STOVETOP METHOD: Transfer the soaked chickpeas to a large saucepan or a small pot. Cover the chickpeas with water by 2 inches. Add the garlic, bay leaves, and salt. Bring the water to boil, then reduce the heat slightly and simmer for 20 to 25 minutes for firmer beans, 40 to 50 minutes for softer beans.
SLOW COOKER METHOD: Transfer the soaked beans and cover with 6 cups of water, garlic, bay leaves, and salt to a slow cooker. Cook on high for 4 hours or on low for 8 hours.

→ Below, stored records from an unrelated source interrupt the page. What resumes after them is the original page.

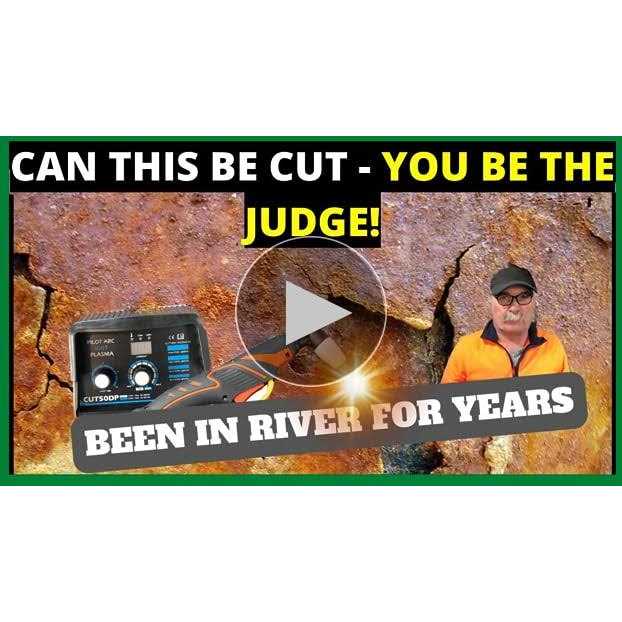 Plaskolite Optix Plastic Cutting Knife - MT - Mrs Treak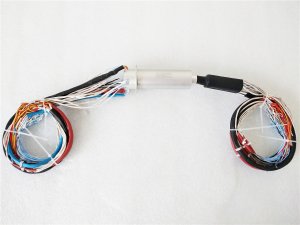 非标色草莓视频在线观看DHS039-62(0.95kg)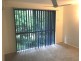 4 Gately Court, Tannum Sands QLD 4680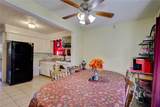 940 Dolores Street - Photo 18
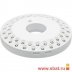 Фонарь Navigator NPT-СА06-3АА 48 св/д кемпинг 94948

INSTANT POT METHOD: Transfer the soaked beans, 4 cups of water, garlic, bay leaves, and salt to an Instant Pot. Set the Instant Pot to manual mode, and cook on high pressure for 12 to 15 minutes, depending on whether you like them slightly more al dente or softer. If you cook them for 12 minutes, they'll have a slight crisp; 15 minutes is close to the texture of canned chickpeas. Once the cooking time is up, let the pressure naturally release for 10 minutes. Then, release any residual pressure and open the lid. If you are using unsoaked beans, you will need to cook the chickpeas for about 25 to 30 minutes. Let the pressure release naturally.
The beans will keep in the refrigerator for 4 to 5 days. You can also freeze chickpeas for a few months.